Archive for the ‘Glenn Lambert’ Category

The Fabulous 70s Part 4: More Lloyds Bank Follies

June 24, 2007

King’s Indian Defense, 9. b4!? Bayonet Attack

NM Mark Ginsburg vs NM Glenn Lambert
Lloyds Bank Open, London 1978

This game was really wild and featured (at the time) very topical Bayonet Attack King’s Indian Defense theory. GM-to-be Ron Henley was another practitioner of the white side.

1.c4 Nf6 2. Nc3 g6 3. e4 d6 4. d4 Bg7 5. Be2 O-O 6. Nf3 e5 7. O-O Nc6 8. d5 Ne7 9. b4!?

The Bayonet Attack, 9. b4!?, was popularized much later by GM Kramnik. In the 70’s, we played it differently. The differences will become clear. At any rate, the white king is not in danger of being mated so that is a distinct plus of the variation.

9…Nh5!? The most testing reply. 9…Nd7? runs into the strong gambit 10. c5! as IM Eugene Meyer proved at least a few times. It’s no fun in that line to face 10…dxc5 11. bxc5 Nxc5 12. Ba3.

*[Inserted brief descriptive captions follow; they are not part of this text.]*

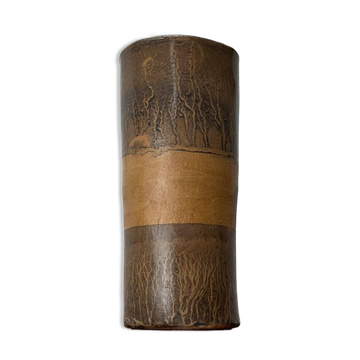 Vintage German brutalist studio pottery vase, 1979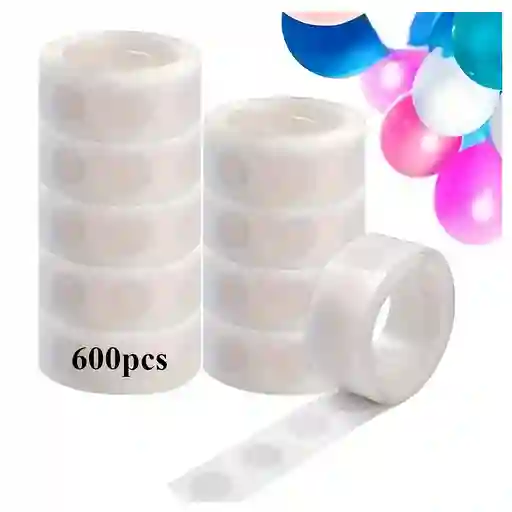 Cinta Adhesiva Doble Cara Circular - 600 Circulos De 1.2 Cms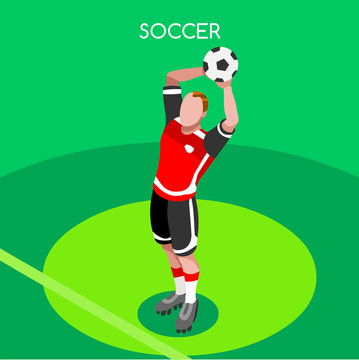 Russia 2018 Soccer Throw Player Athlete Summer Games Icon. Isometric Soccer Match and Players.Sporting International Competition Championship.Sport Soccer Infographic Football Vector Illustration.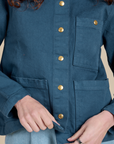 Denim Work Jacket in French Blue front close up on Alex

9…a5?! also isn’t great; Black is playing on the side of the board where White is faster. After 10. bxa5 Rxa5 11. a4 white established a big initiative and went on to win, IM Ginsburg-GM Biyiasis, Philadelphia 1982. We will cover that game in an installment of The Fabulous 80s.  White also has 10. Ba3!? there, avoiding 10. bxa5 c5!? which GM Nunn said was good for black. That conclusion is not altogether clear to me – refer to a more recent installment to see more.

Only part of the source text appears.